As a 5 year old, I requested to be called "Johnny" and insisted I was a boy. After a while, this phased out, but I never lost the feeling that I was not really a girl. My mom enlightened me on how radical, strong, smart, and brave women can be. This was really important for me to see, but it didn't make me feel any more female. I longed to cut my hair short; I hated to dress in "feminine" clothing. I continued, however, to try to be a girl. That's what I was supposed to be.
[image description: author as a young child,
with blonde hair to their shoulders, wearing a jean jumper,
and a black and green checkered baseball cap, smiling slightly.]
I was teased for being masculine in elementary school and middle school. I recall a classmate looking at me with disgust one day and saying, "Your voice is really deep, like a boy's. And your nose is big." My best friend was often invited to play with the girls, but I was always ostracized. The girls didn't want to play with me, the boys didn't want to play with me. I was fortunate to have one close friend at school and one close friend in my neighborhood. In middle school, all I wanted was to blend in. No matter how I tried, I didn't. There were a few kids in 6th grade who were making fun of me, calling me a lesbian and a freak. One day, I took my mom's advice and when I was called a lesbian, I told that person to "grow up," but that didn't shut her up, it provoked her to physically attack me. The name-calling continued through middle school (and high school). I tried to reclaim the word "Freak" as my own nickname in 8th grade. I didn't know at the time that there were other people like me, or that Kate Bornstein, an amazing gender non-conforming trans person, had discovered hir own place outside the gender binary, and reclaimed the word freak as well (oh what would life had been like had I known about Auntie Kate all those years ago?!).

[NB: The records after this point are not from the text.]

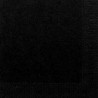 Serviettes 33x33 3 couches noir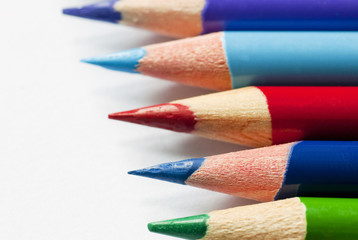 Colourful pencils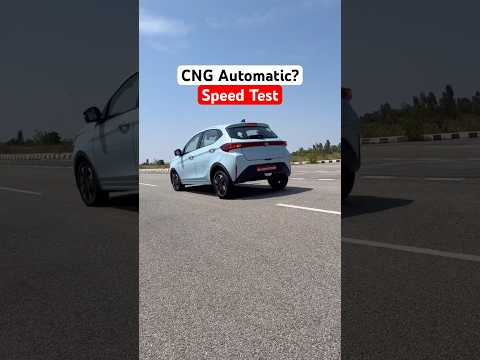 0 to 100 kmph Speed Test with Tata Tiago CNG Automatic #manishbhardwaj #tatatiagoreview #shorts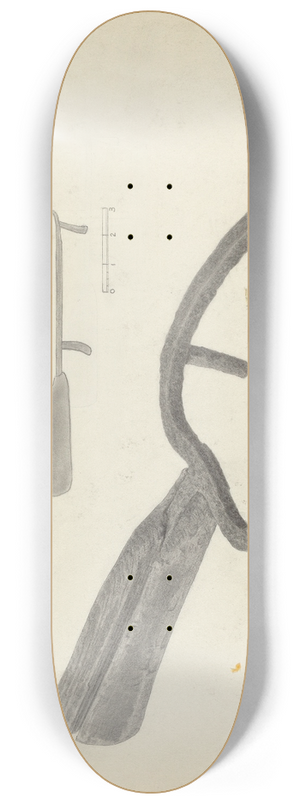 Henry Granet - Trivet 8.25 inch art skate deck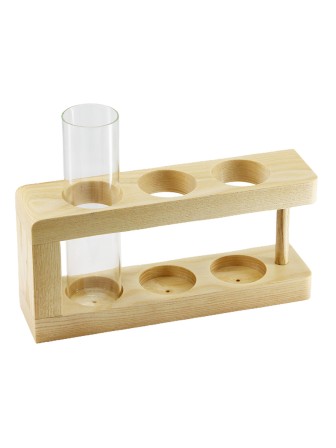 Деревянная подставка для канцелярии с 1 цилиндром, цвет натуральный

[image description: author at 12 yrs old, wearing a
checkered red/blue suit jacket, grey tie, and short brown
wig, holding an acoustic guitar and smiling largely.]
In high school, I came out to most people as queer, simply by ceasing to deny it when questioned/accused. At the time, I was labelled a lesbian. I couldn't figure out why I didn't like that word. Maybe part of it was my own internalized homophobia, but I think a big part of it was that it lumped me in with a bunch of women. I still didn't relate. In college, I found a queer group. I met some people who were transgender. When I got brave enough to ponder my gender identity out loud, I was told by one of the leaders of the group that I was "either a dyke, or a tranny boy," but that there was nothing in between. (Please note that dyke and tranny are both considered derogatory. I included them because that is the language that was used, and I think there was a lot of internalized homophobia and transphobia showing up in that particular queer group).

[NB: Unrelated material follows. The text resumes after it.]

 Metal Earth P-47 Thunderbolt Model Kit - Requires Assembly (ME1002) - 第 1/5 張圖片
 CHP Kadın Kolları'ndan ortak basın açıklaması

During/after college, I started dressing "in drag" a lot. I would bind with an ace bandage and draw on facial hair. I passed fairly easily as male, when I wanted to. I called myself a "gender bender." That was the first term I actually liked for myself. I started saying I was queer, which was more comfortable because it was vague and didn't say anything about my gender. I think I first heard the word "genderqueer" about four or five years ago. I remember saying, "Yes, I am that!" At the time, I heard it used only as a descriptor, like, "I'm a genderqueer woman." It was only a year or so ago that I realized that I didn't have to define as either a woman or a man, I could define as neither. I could simply say "I'm genderqueer" or "I'm non-binary." That is my truth. For the first time in my life, I am comfortable with my gender identity. I have masculine traits and feminine moments, but truly I am neither male nor female.
[image description: author at approx. 20 yrs old, brown hair
to their chin, brown beard drawn on, wearing black blazer, white
button down, and a tie. Looking to the side, serious expression.
Behind them is a vase with flowers and a poster of a tree in bloom.]
The Gender Binary is a system (created by society) in which there are only two genders: male and female. Gender is actually more complex and diverse than that. There are many gender identities being claimed today. Each is valid. The only person who can determine someone's gender is oneself. Non-binary means a gender that exists outside of the binary of male and female. Genderqueer is also a blanket term for gender that exists outside of the binary, but with a political connotation in reclaiming the word "queer." Trans is short for transgender and is an umbrella term covering any and all gender identities that are not cis-male or cis-female (cis-gender means someone identifies as the same gender they were assigned at birth based on their sex organs). I am a genderqueer/non-binary trans person, and I am proud to finally be embracing my gender.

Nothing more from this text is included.